“They wanted it more” is one of the great sports cliches. It generally applies any time you can’t quite pinpoint why your team lost. It can also be thrown out when your team gets beaten by a lesser team. It’s also a failsafe for a coach. All players understand the meaning, so don’t have to worry about offending someone when you say it. Trot out the old “they wanted it more” and move on.
This has led to a bit of blowback in fandom. At the school I played/coached for one of the professors would come
down into the offices the day after games to vent his spleen. Inevitably, his advice was to box out and try harder. This was, of course, completely useless advice because everyone was trying hard. It’s college basketball. No one who has made it that far isn’t trying.

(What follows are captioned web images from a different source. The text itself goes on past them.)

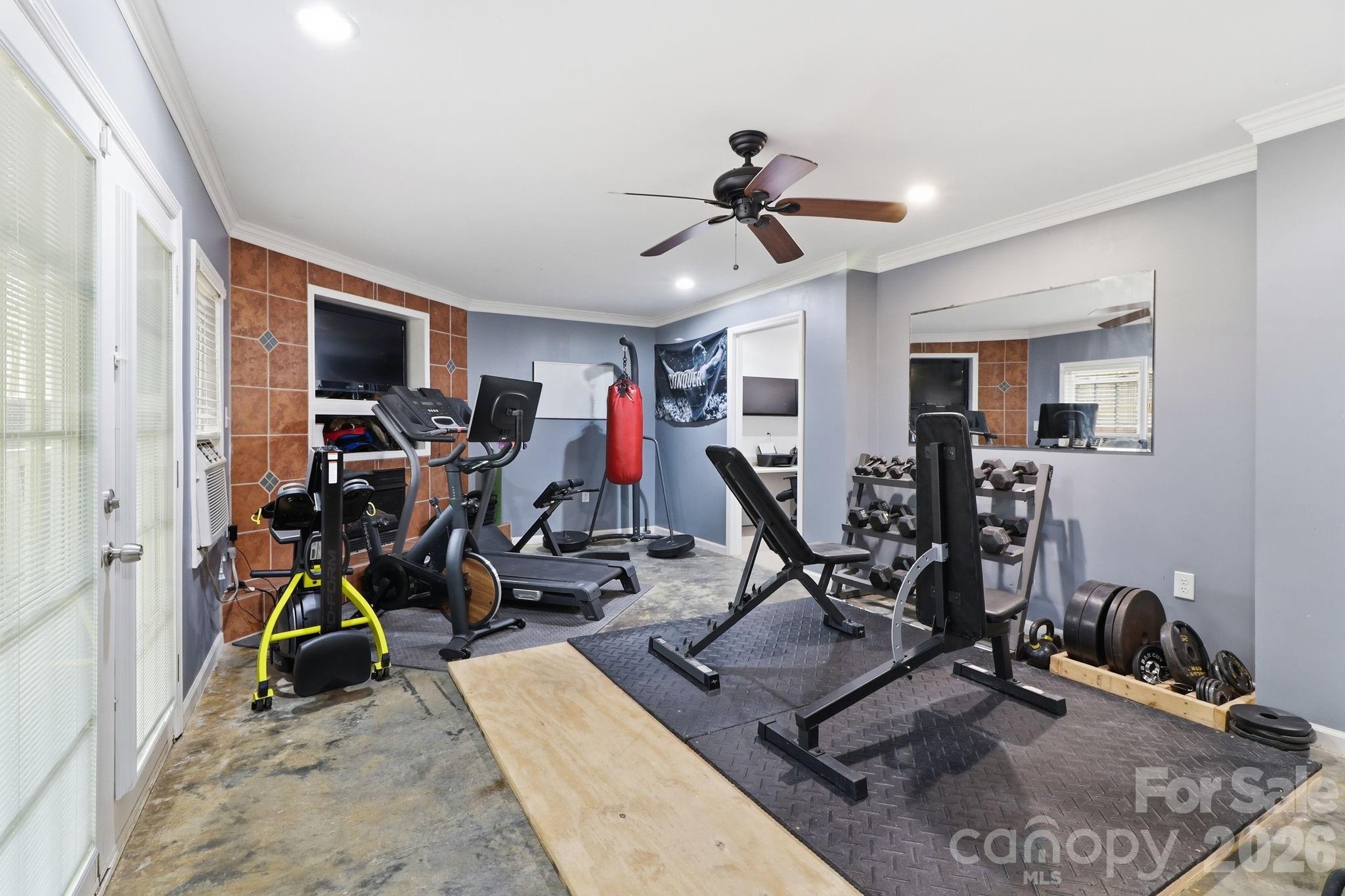 4311 Laurel Hill Lane — Charlotte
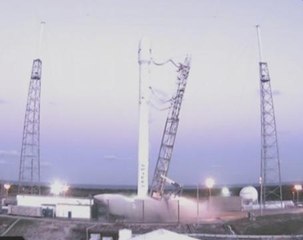 SpaceX satellite launch succeeds, but rocket crash lands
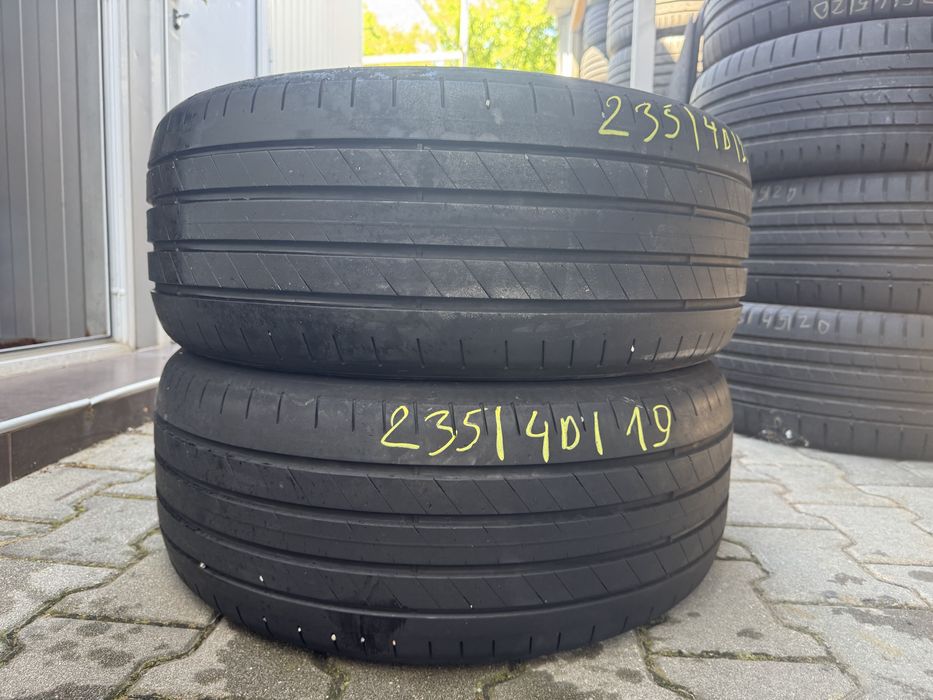 2бр летни гуми GOODYEAR 235/40/19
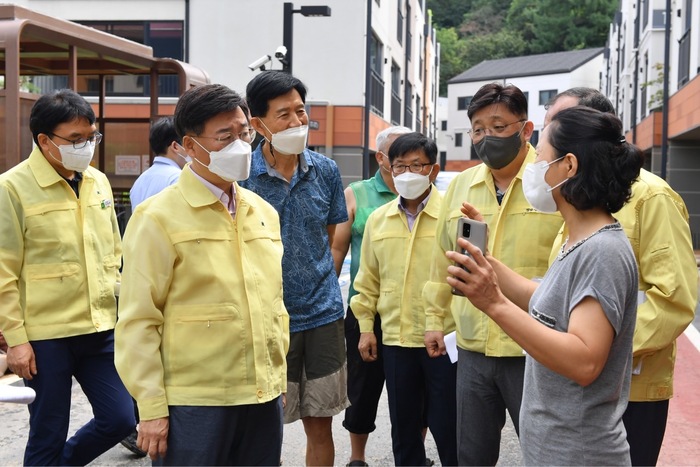 신상진 성남시장, 수해 현장 방문 “모든 방법 동원해 현실적으로 지원할 것”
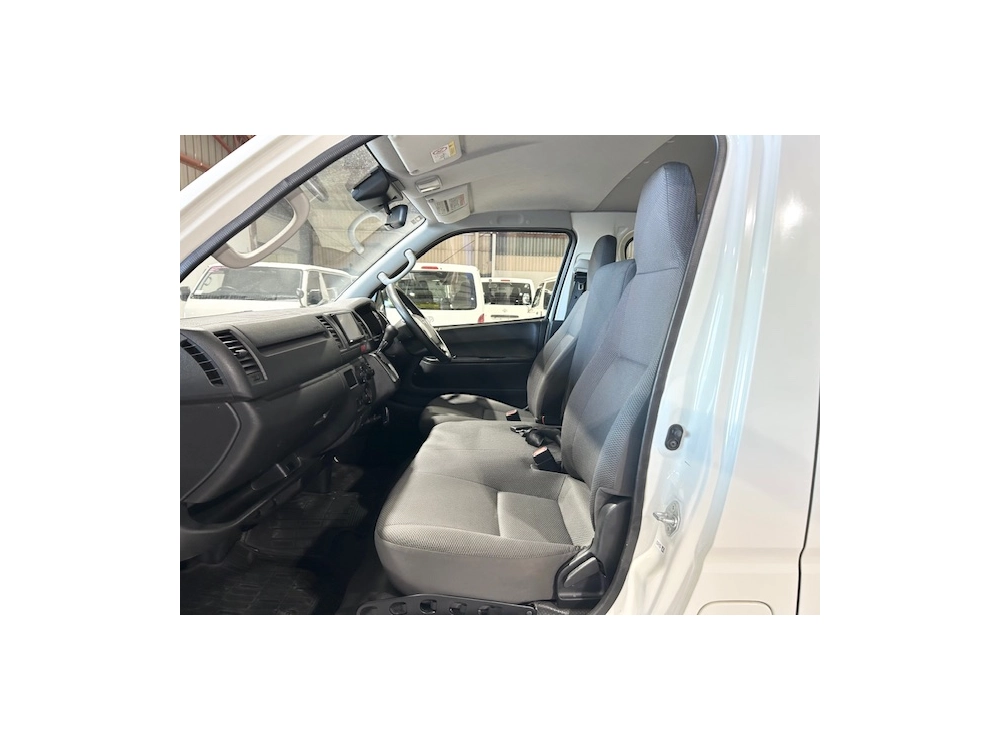 2019 Toyota Hiace =4X4= 6 Seaters - Dual Airbags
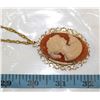 Image 1 : LARGE VINTAGE CAMEO PENDANT WITH CHAIN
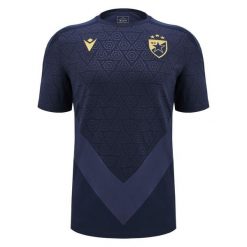 Koszulka Czerwonej Gwiazdy Belgrad Player 2024/25. Niebieskie koszulki sportowe męskie Macron, bez wzorów, bez kołnierzyka, bez ramiączek, do piłki nożnej. Za 215.50 zł.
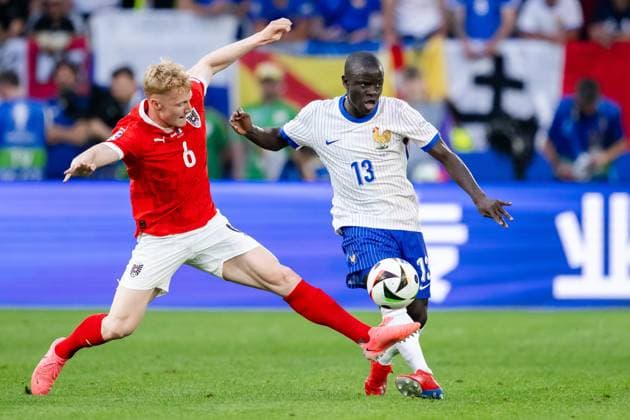 240617 Nicolas Seiwald of Austria and N Golo KantÃ of France during the UEFA EURO, EM, Europameisterschaft,Fussball 2024 Football Championship match between Austria and France on June 17, 2024 in Düsseldorf. Photo: Jesper Zerman BILDBYRAN kod JZ JZ0540 fotboll football soccer fotball fotbolls-em europamästerskap em uefa euro uefa european football championship euro 2024 österrike austria frankrike france bbeng Copyright: JESPERxZERMAN BB240617JZ060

But the idea remains that when your team loses it is somehow the fault of your effort. That was abundantly evident in last night’s Xavier game. Twitter exploded as the various Dr. Early’s of the world (sorry for putting you on blast if you’re reading, Doc) started yelling that Xavier simply wasn’t trying hard enough. The world class athletes who have dedicated their lives to one specific thing just couldn’t be arsed to actually do that thing. That’s the opinion of 40-60 year old men comfortably ensconced on their couches.
And maybe sometimes that is true. We have all watched a team go down 20 and kind of toss in the towel or reach a gentleman’s agreement with the other team that the time for wounding one another is over. That wasn’t the case last night, and it is incredibly stupid to claim that it was. Xavier erased a 13 point second half deficit to take a lead in the game. To listen to the masses on Twitter, you’d think they did that while also not giving any sort of real effort.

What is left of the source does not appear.